You will regret it. We have found, through extensive, extensive testing in a production environment that budget laptops/workstations and Pro are a bad marriage, and result in a miserable experience for casual users such as your self. 3D Unicorns were not part of our testing. The pain point you experience will be the integrated video card, the lack of ability to go past 16 GB of RAM, and only 8 cores. The other brick wall you will hit is that hardware requirements for Pro ignore Moore's Law, and increase even more than processor speed. We have heard from ESRI that the Minimum requirements only mean that the software will start and run....not actually do anything meaningful. 

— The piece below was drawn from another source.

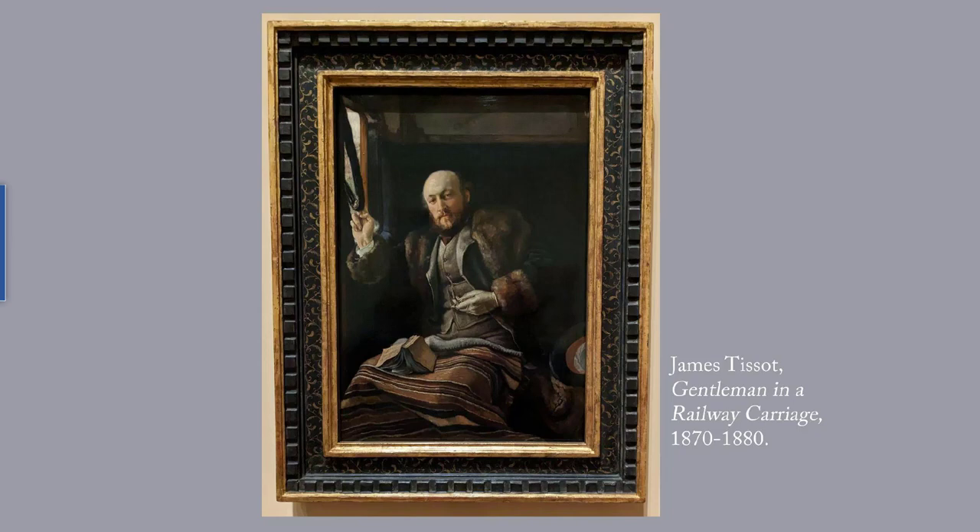The sitter in this portrait is unidentified. The pocket watch that he holds in his hand is interesting because it first became common with the rise of railroads, which was the first method of transportation that ran on strict timetables.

For a laptop, even for casual GIS use, at a minimum you need a dedicated video card (NVIDIA), doesn't need a lot of GPU RAM (4GB), and try for 32 GB of memory. The NVME SSD is a nice one, stick with that. That will get you at least 2-3 years of Pro use before TS is telling you "Not Supported: Doesn't meet hardware requirements". 

DanPatterson_Retired
MVP Emeritus

Which is why I use a Surface Book II, but the price point is certainly well above the Dell.  Tim did say it wouldn't be a production solution

JakubSisak
Occasional Contributor III

Should be fine for occasional work. 4K monitor will consume a lot of GPU power and connecting it to external monitors especially if they are 2 or 4K is not going to cut it without a better GPU. 

As for ArgGIS PRO performance, you will be disappointed no matter what because PRO is slow. period. (especially when you have a lot of layers, complex symbology, annotations, lots of graphic elements in the layout, etc.)

I have higher specs in my 17" 4K laptop and although Pro runs fine it's still underwhelming. 

TimWroblewski1
New Contributor II

Thanks, all - I've had a re-think and am now also considering a Dell XPS 15 with:

  • 8th Generation Intel® Core™ i9-8950HK Processor (12MB Cache, up to 4.8 GHz, 6 cores)
  • 15.6" 4K Ultra HD 3840 x 2160 InfinityEdge Anti-Reflective Touch IPS100% AdobeRGB display
  • 16GB 2x8GB DDR4-2666MHz,
  • M.2 512GB 2280 PCIe Solid State Drive
  • NVIDIA® GeForce® GTX 1050Ti with 4GB GDDR5

 

https://www.dell.com/en-uk/work/buy/email/index/1259446?ac=01b7d5fc-2a52-47af-a61e-36298ccc16c5&ref=...

ThomasColson
MVP Frequent Contributor

You will be very happy with that 6 physical core i9, and you can drop 2 16's in that laptop in a year or 2 to meet what undoubtedly will be the pro min requirement of 32 GB. Only thing I don't like is the slow memory speed, but few Pro users are going to notice that. I think the i9 will support up to 4400 mhz memory? The issue is Dells are notorious for rejecting after market memory. But the good news is....you can upgrade. That video card is a solid performer with Pro.